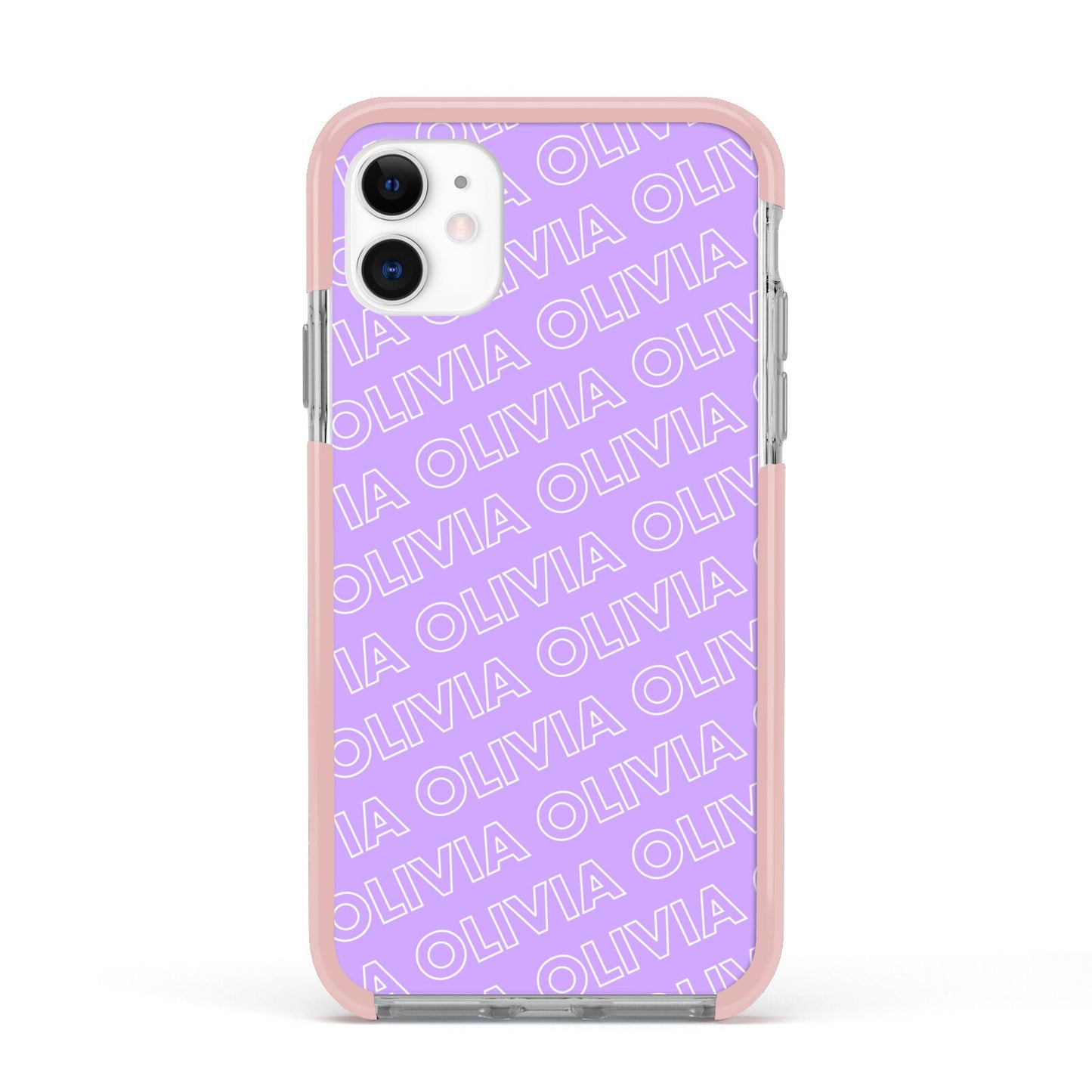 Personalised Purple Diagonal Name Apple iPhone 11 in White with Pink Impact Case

---

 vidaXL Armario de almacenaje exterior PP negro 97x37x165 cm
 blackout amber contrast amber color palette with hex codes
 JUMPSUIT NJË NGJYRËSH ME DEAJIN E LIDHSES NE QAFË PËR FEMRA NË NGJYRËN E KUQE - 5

### WHAT THE TASK REQUIRES
Only the lines above from the one with "vidaXL Armario de" up to and including the one with "JUMPSUIT NJË NGJYRËSH" should be repeated, exactly as written.

### ANSWER BOX
 vidaXL Armario de almacenaje exterior PP negro 97x37x165 cm
 blackout amber contrast amber color palette with hex codes
 JUMPSUIT NJË NGJYRËSH ME DEAJIN E LIDHSES NE QAFË PËR FEMRA NË NGJYRËN E KUQE - 5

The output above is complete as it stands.